■ What is being asked
Please repeat, exactly and without pictures, the lines of the entries below that run from the one containing "554 Whitehall Road" through the one containing "5127 HANGING MOSS LN, SARASOTA, FL, 34238".

■ Records shown
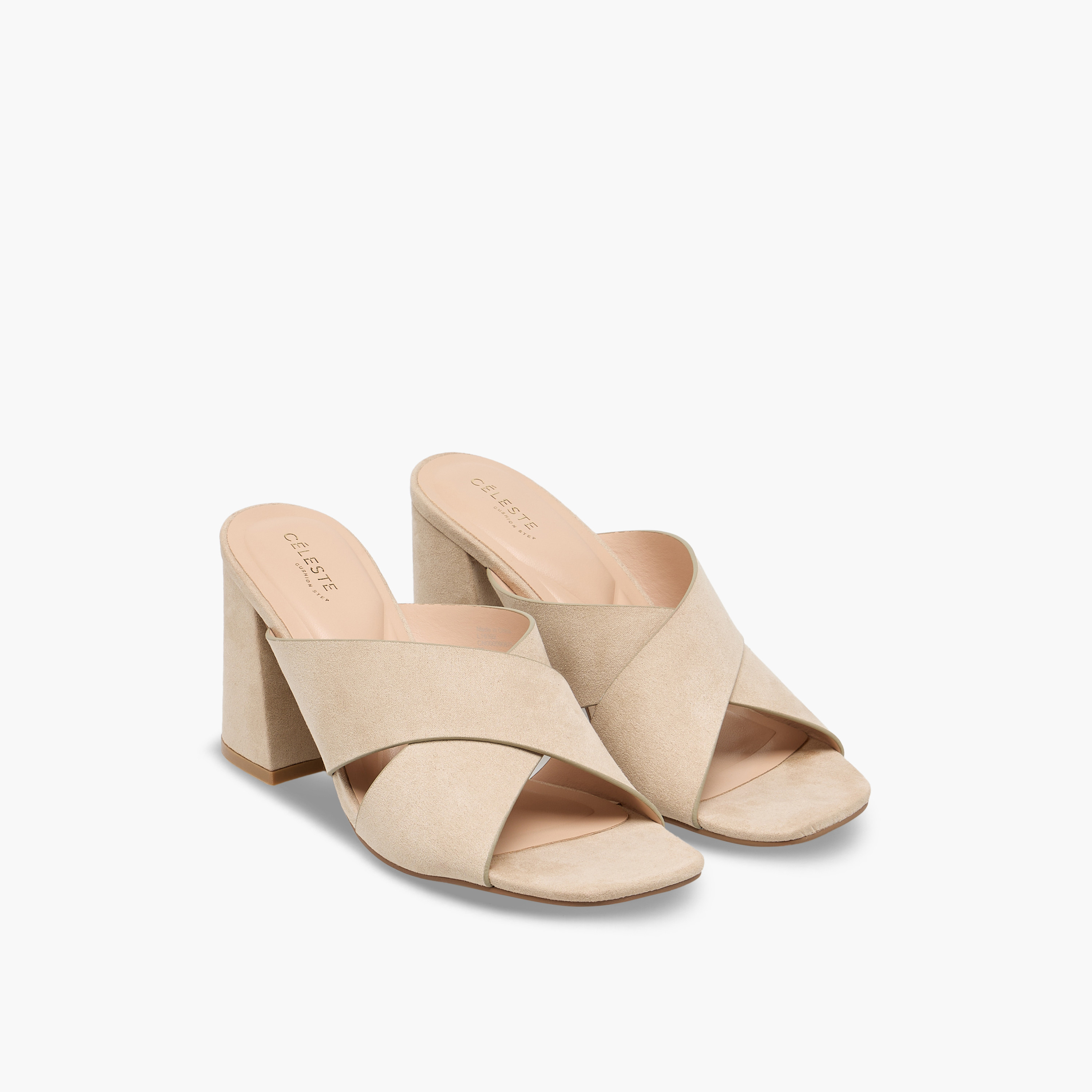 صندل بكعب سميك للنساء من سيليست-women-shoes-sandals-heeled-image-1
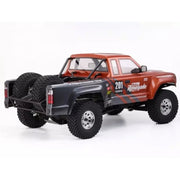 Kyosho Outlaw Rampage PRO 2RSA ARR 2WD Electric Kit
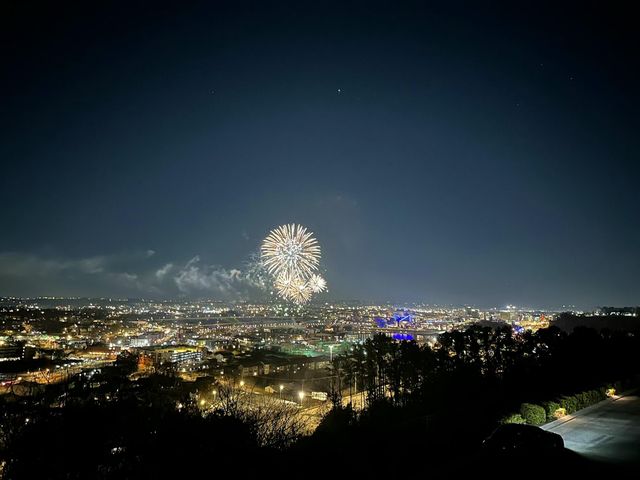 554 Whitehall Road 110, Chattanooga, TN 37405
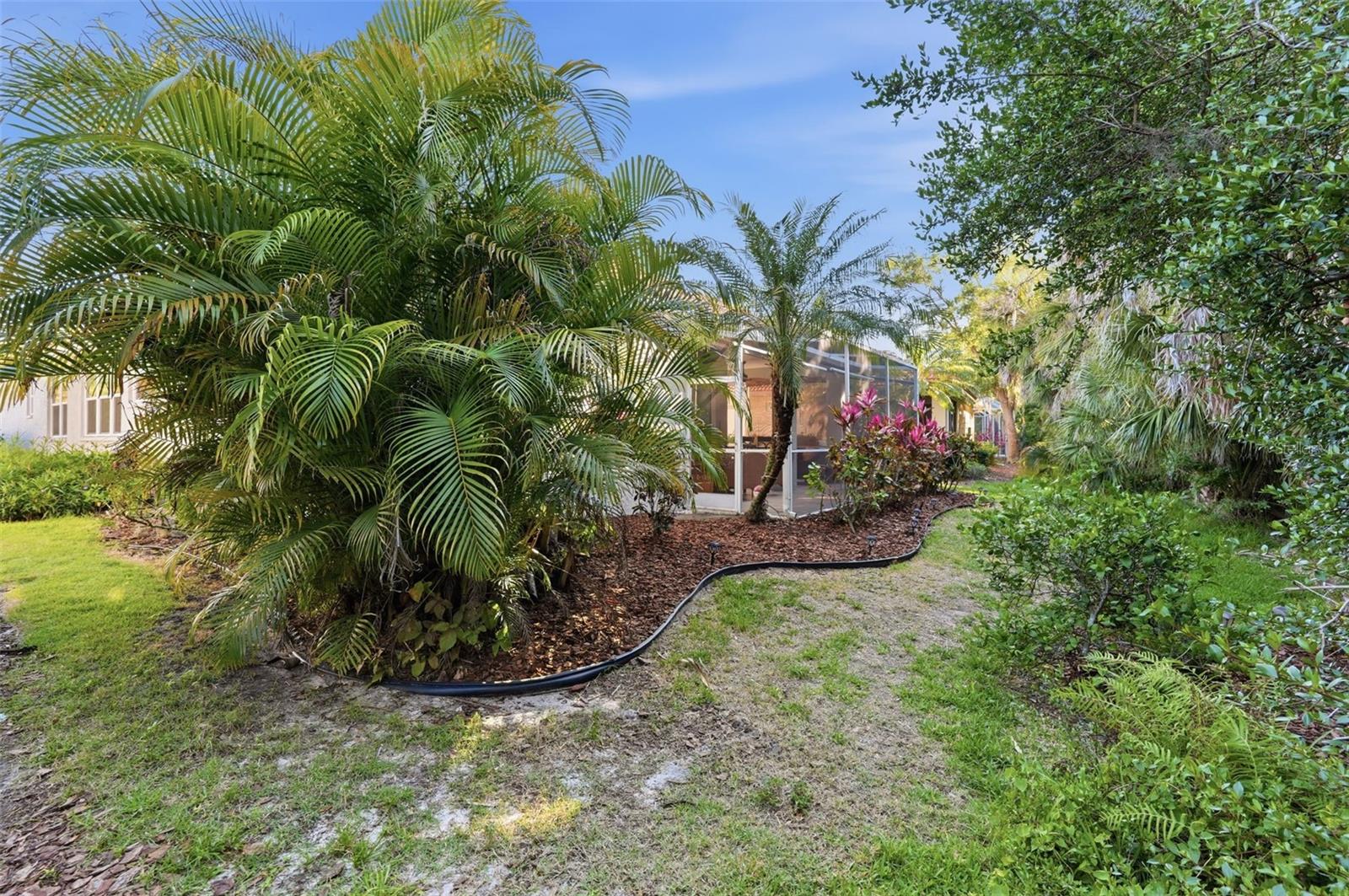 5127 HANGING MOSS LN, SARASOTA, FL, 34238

==

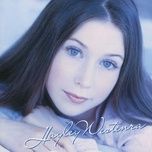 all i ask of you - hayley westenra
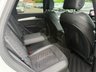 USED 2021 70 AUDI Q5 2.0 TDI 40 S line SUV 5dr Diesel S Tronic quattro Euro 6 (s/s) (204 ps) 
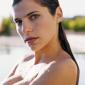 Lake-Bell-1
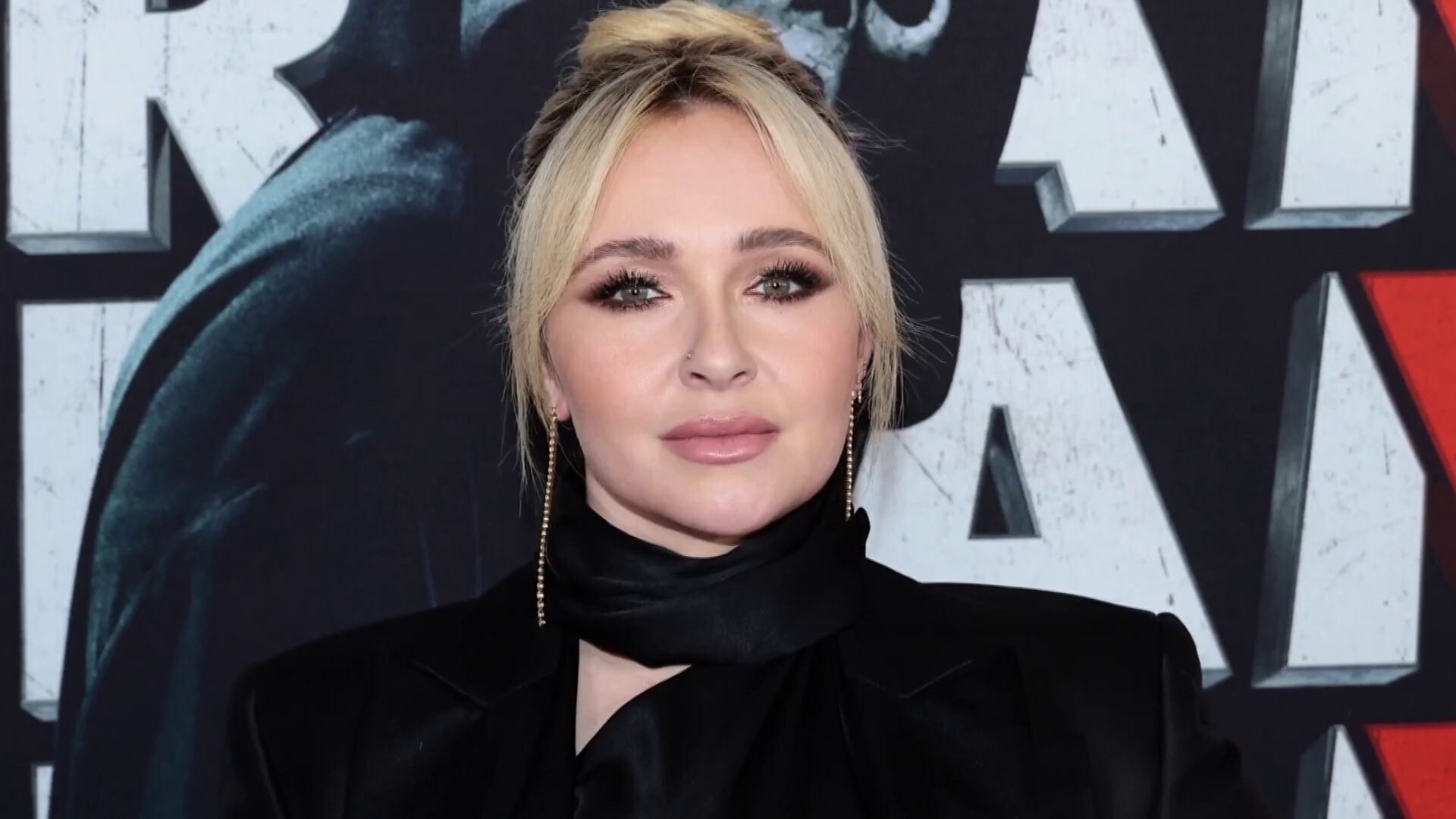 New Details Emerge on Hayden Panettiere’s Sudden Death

■ Solution to the exercise
 554 Whitehall Road 110, Chattanooga, TN 37405
 5127 HANGING MOSS LN, SARASOTA, FL, 34238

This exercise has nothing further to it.